LAS VEGAS — The erroneous emergency alert announcement that shook the state of Hawaii in January sparked panic and fear when it warned a ballistic missile will strike soon.
This incident shined a light on the Federal Communication Commission and how the government should handle such alerts.
Senator Catherine Cortez Masto addressed the Senate Committee on Commerce, Science and Transportation, discussing the need to tackle language barriers in Nevada’s emergency alert systems, by using Tagalog and Spanish.
“Not just Spanish language alone. In Nevada, particularly in southern Nevada, we have a huge Filipino population and Tagalog is an important language obviously, and that’s a barrier for those who don’t speak Spanish,” said Masto.

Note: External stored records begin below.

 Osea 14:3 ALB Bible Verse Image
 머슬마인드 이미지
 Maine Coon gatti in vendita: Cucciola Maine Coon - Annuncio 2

The initiative would benefit many elderly Filipinos like Sofia Tabangcura.
At 82, Tabangcura takes public transportation. But most of the time, she is alone and just watches TV.
“Mas maigi sa akin kung may translation nung English. Kung minsan, hindi ako makapag-salita ng English, hindi ko masyadong maintindihan, hindi rin nila ako maintindihan,” said Tabangcura.
Ron Solis, who manages buses, said the mandate of an emergency alert system in the buses in Tagalog would be a big help for disabled Pinoy passengers.
“With this new system na Tagalog, this will tremendously help us kasi, what's been happening is, when we have this emergency and it goes to different entity or providers, they would not know na talagang emergency yun. But if it boils down to talagang Filipino emergency, it’s in our language. They would really respond to it, 'di lang nila babalewalain,” said Solis.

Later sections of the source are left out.